|Title||Understanding angular effects in VHR imagery and their significance for urban land-cover model portability : A study of two multi-angle in-track image sequences|
|Author(s)||Matasci, Giona; Longbotham, Nathan; Pacifici, Fabio; Kanevski, Mikhail; Tuia, Devis|
|Source||ISPRS Journal of Photogrammetry and Remote Sensing 107 (2015). - ISSN 0924-2716 - p. 99 - 111.|
|Publication type||Refereed Article in a scientific journal|
|Keyword(s)||Atmospheric compensation - Domain adaptation - Histogram matching - Image classification - Maximum Mean Discrepancy - Multi-angle acquisitions|
This paper investigates the angular effects causing spectral distortions in multi-angle remote sensing imagery.

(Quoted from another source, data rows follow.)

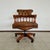 Elegant captain's chair for a Chesterfield desk, combining classic design and modern comfort. The chair is height-...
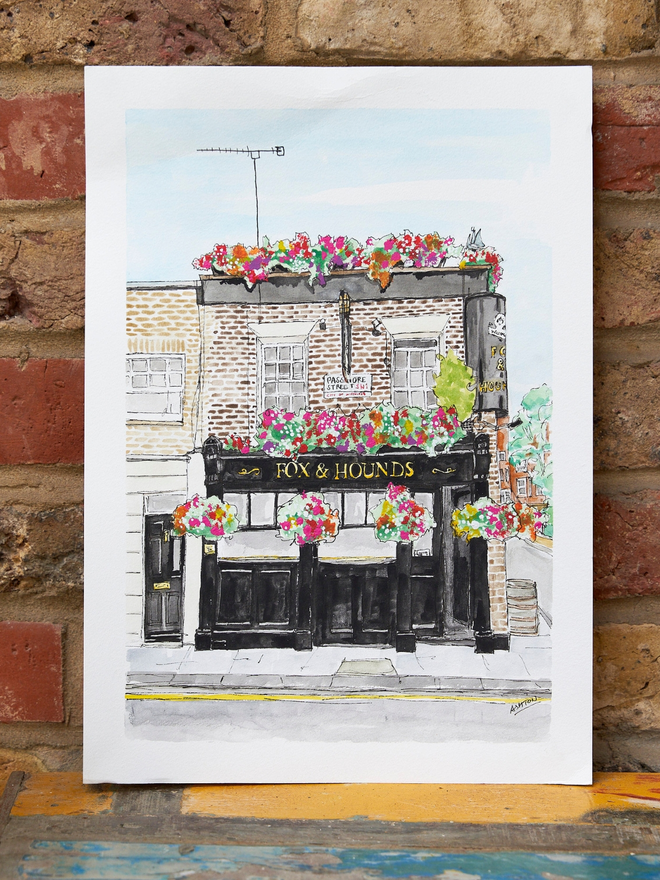 Watercolour painting portrait of a pub leaning against a brick wall
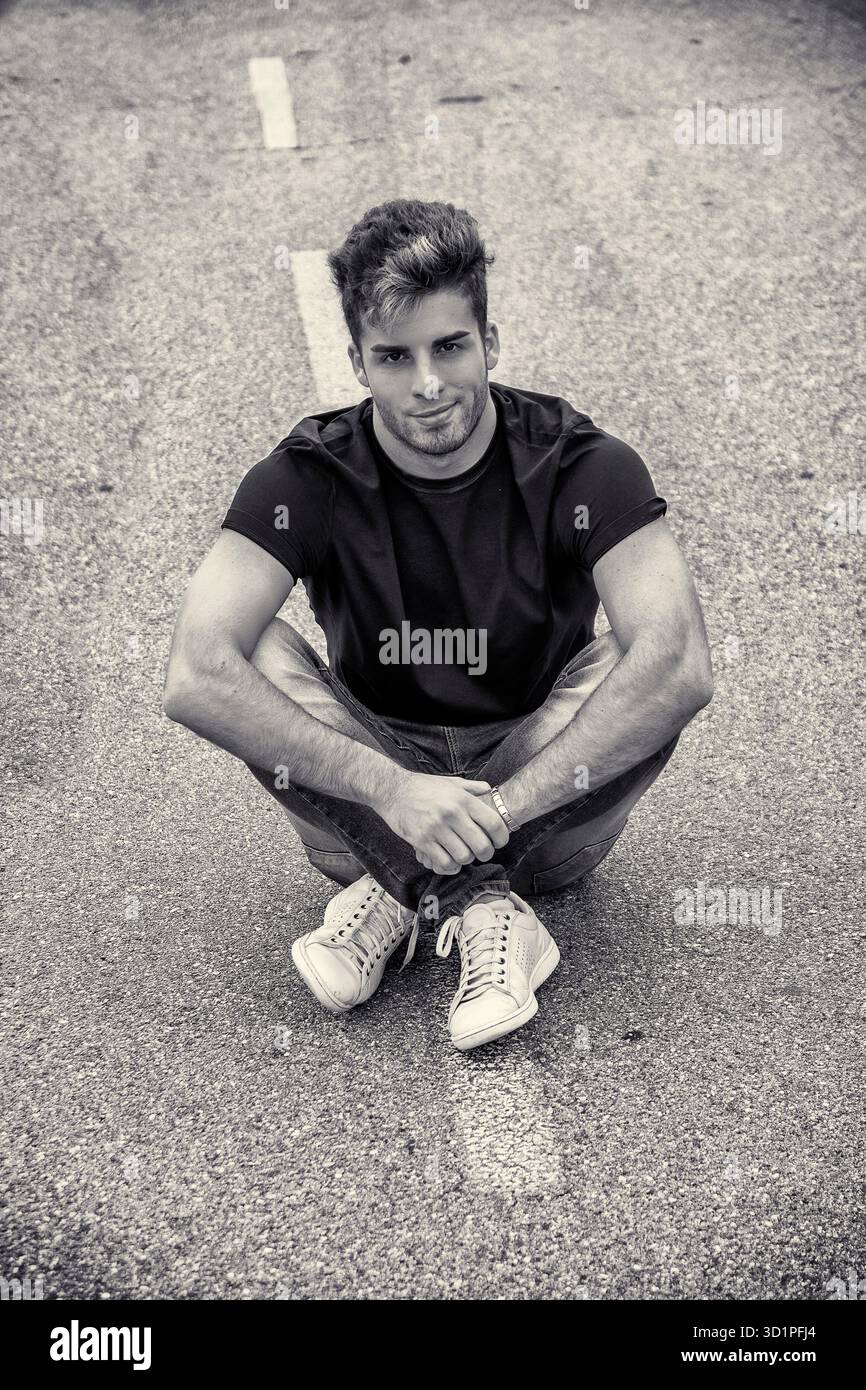 Un uomo sorridente seduto in mezzo alla strada della città Foto Stock
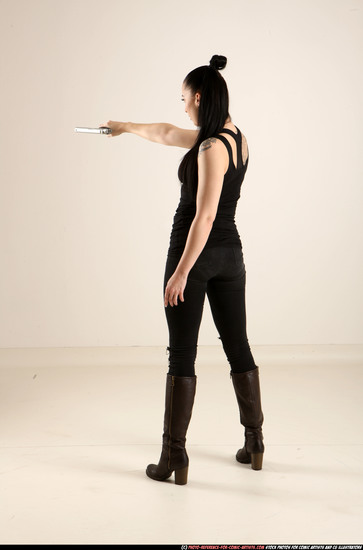 Woman Adult Athletic White Fighting with gun Standing poses Casual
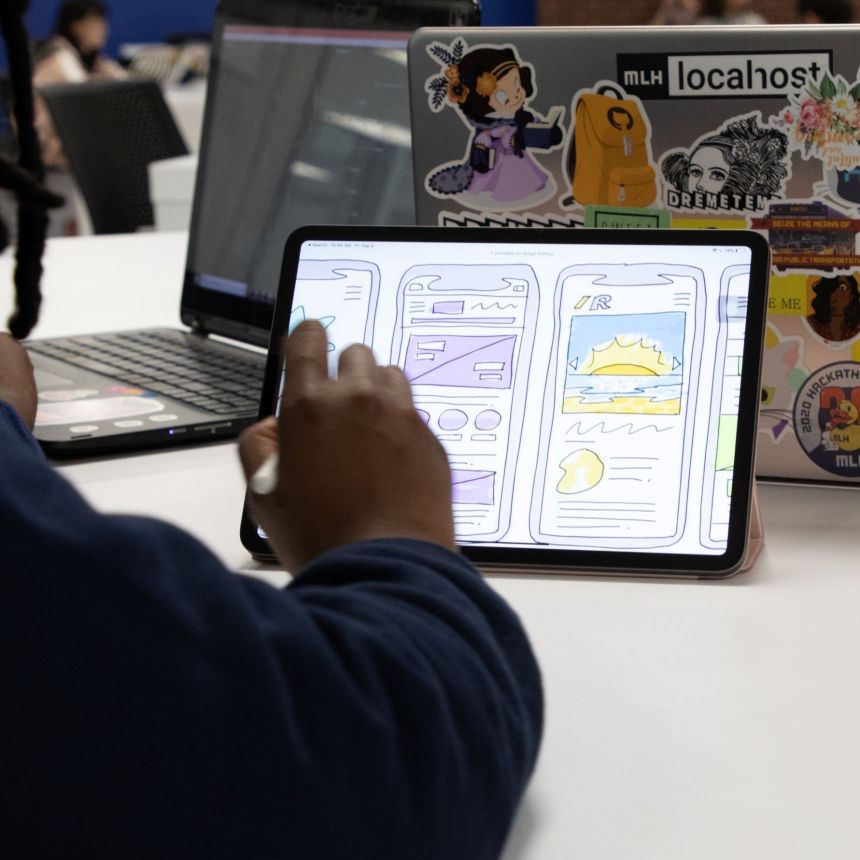 A closeup of a student wireframing a mobile application on a tablet.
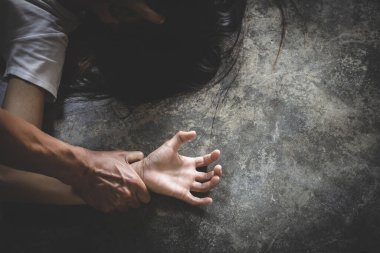 Tecavüz ve cinsel istismar konsepti için bir kadının elini tutan erkek elini yakın tut. Kadınlara şiddet.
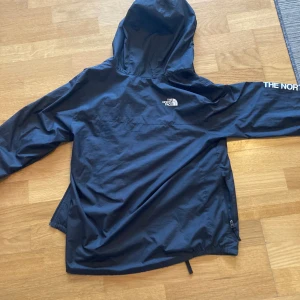 Svart vindjacka från The North Face - Säljer en svart vindjacka från The North Face med huva och dragkedja. Jackan har logotypen tryckt på bröstet och ärmen. Perfekt för blåsiga dagar och lätt att packa med sig. Pris kan diskuteras och byten.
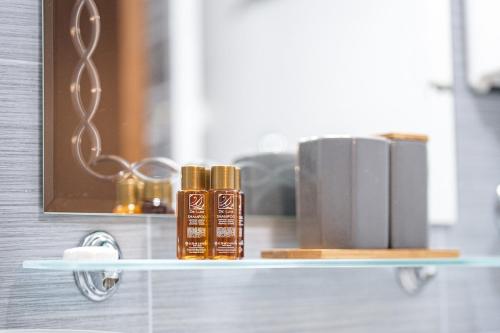 a shelf with two bottles of essential oils and books at 400m from Ski lift Belvedere Apartment - SPA - Free parking in Bansko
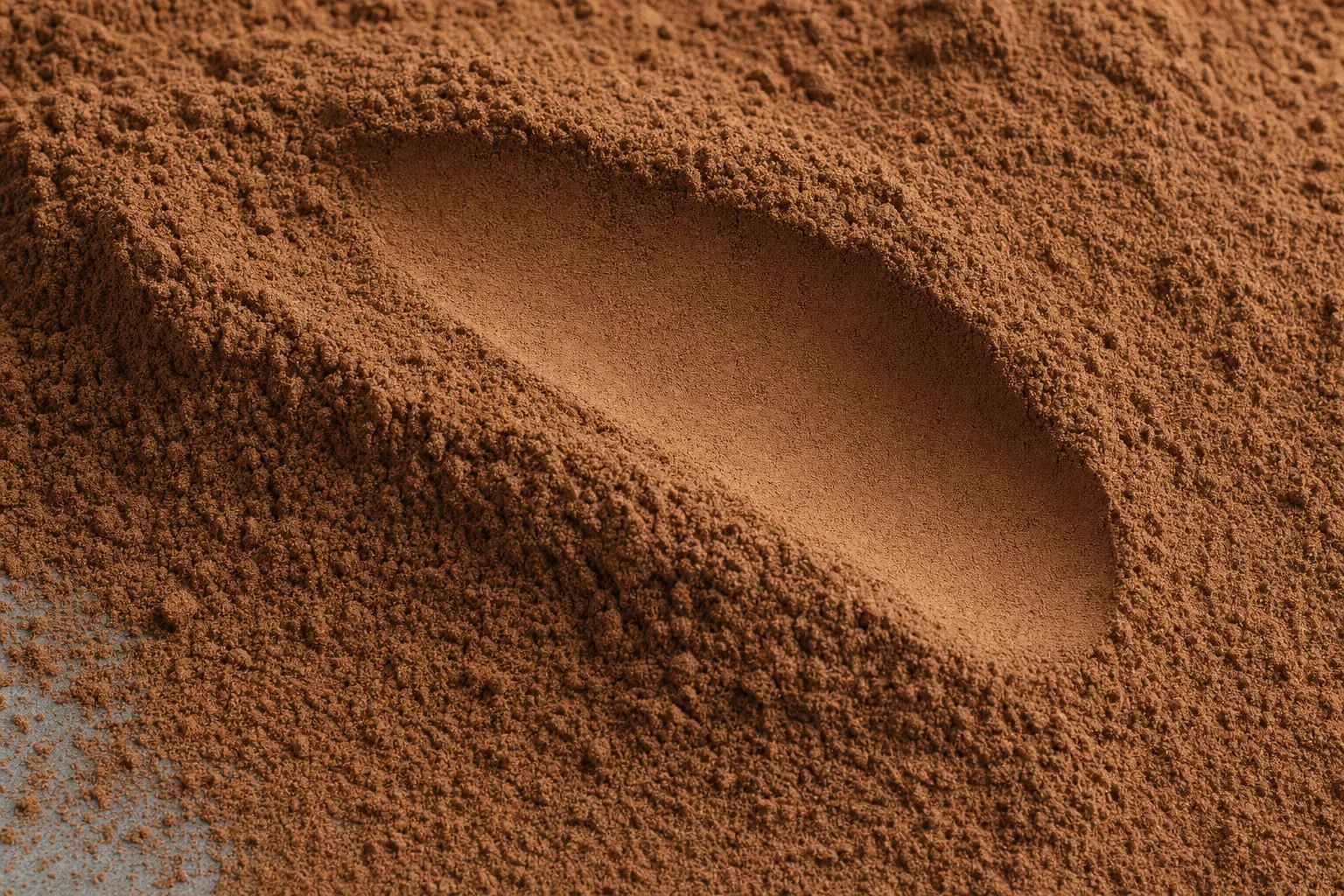 Close-up of cocoa powder, showing particle size and texture.
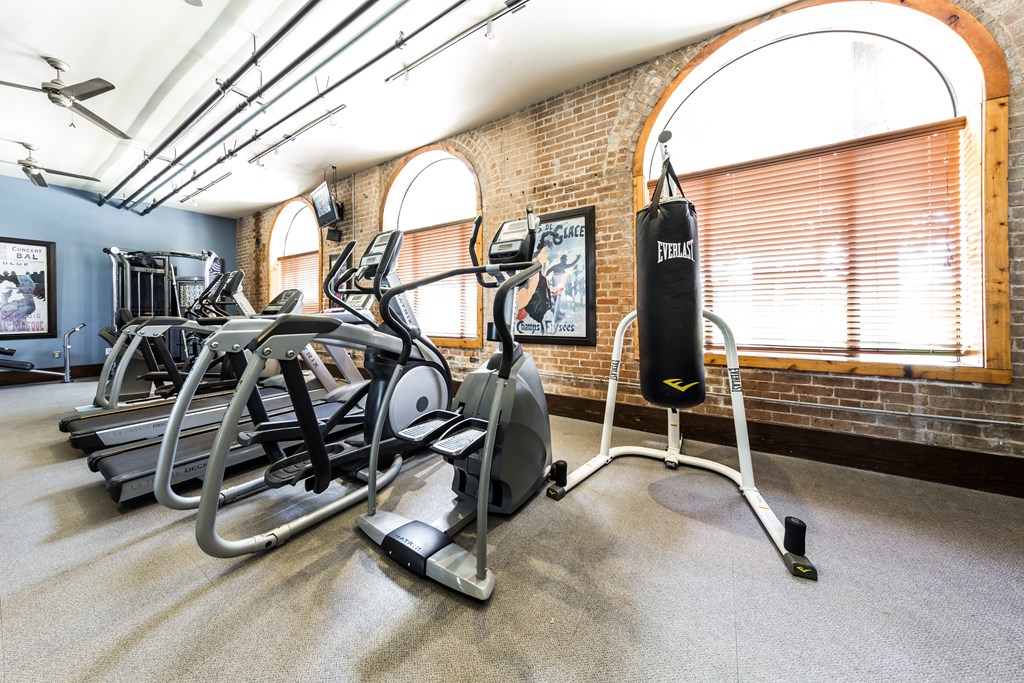 a gym with cardio equipment and weights in a building with brick walls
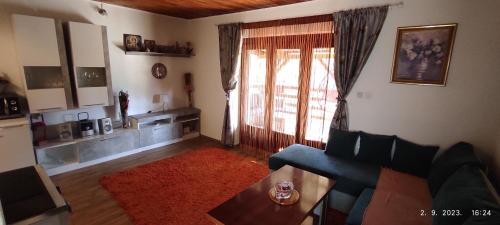 sala de estar con sofá, mesa y ventana en Vikendica Popović en Doboj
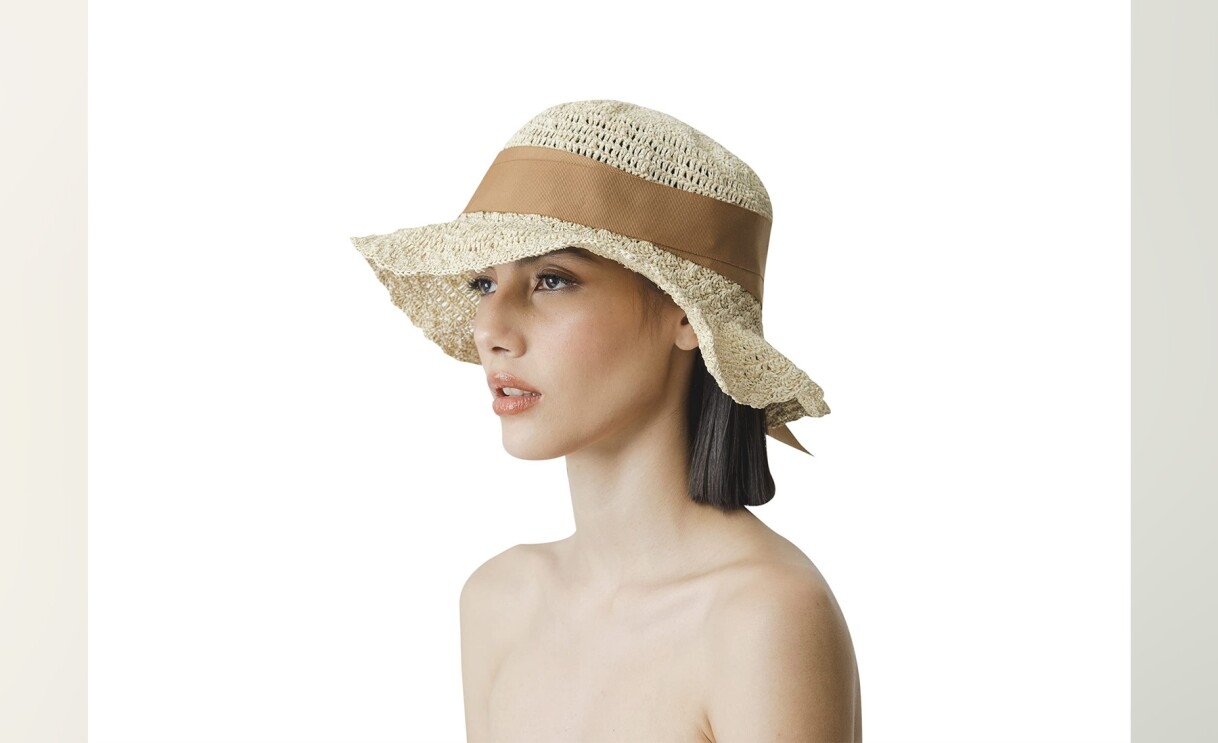 An image of a model wearing a hat by Sensi Studio.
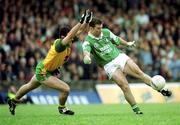 11 June 2000; Raymond Gallagher of Fermanagh in action against Mark Crossan of Donegal during the Bank of Ireland Ulster Senior Football Championship Quarter-Final match between Donegal and Fermanagh at MacCumhail Park in Ballybofey, Donegal. Photo by Ray Lohan/Sportsfile
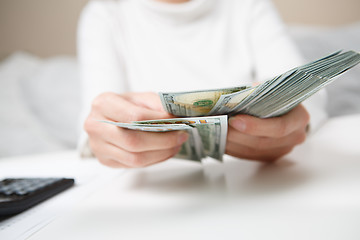 Image showing Hands counting money, close up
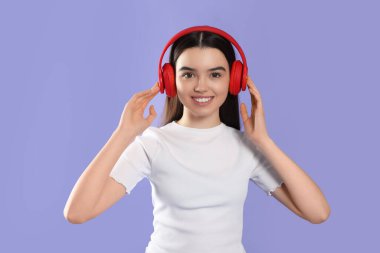 Teenage girl listening music with headphones on violet background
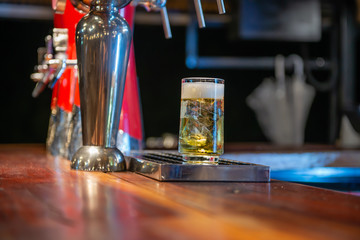 glass of beer on bar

We study two WorldView-2 multispectral in-track sequences acquired over the cities of Atlanta, USA, and Rio de Janeiro, Brazil, consisting of 13 and 20 co-located images, respectively. The sequences possess off-nadir acquisition angles up to 47.5° and bear markedly different sun-satellite configurations with respect to each other. Both scenes comprise classic urban structures such as buildings of different size, road networks, and parks. First, we quantify the degree of distortion affecting the sequences by means of a non-linear measure of distance between probability distributions, the Maximum Mean Discrepancy. Second, we assess the ability of a classification model trained on an image acquired at a certain view angle to predict the land-cover of all the other images in the sequence. The portability across the sequence is investigated for supervised classifiers of different nature by analyzing the evolution of the classification accuracy with respect to the off-nadir look angle. For both datasets, the effectiveness of physically- and statistically-based normalization methods in obtaining angle-invariant data spaces is compared and synergies are discussed. The empirical results indicate that, after a suitable normalization (histogram matching, atmospheric compensation), the loss in classification accuracy when using a model trained on the near-nadir image to classify the most off-nadir acquisitions can be reduced to as little as 0.06 (Atlanta) or 0.03 (Rio de Janeiro) Kappa points when using a SVM classifier.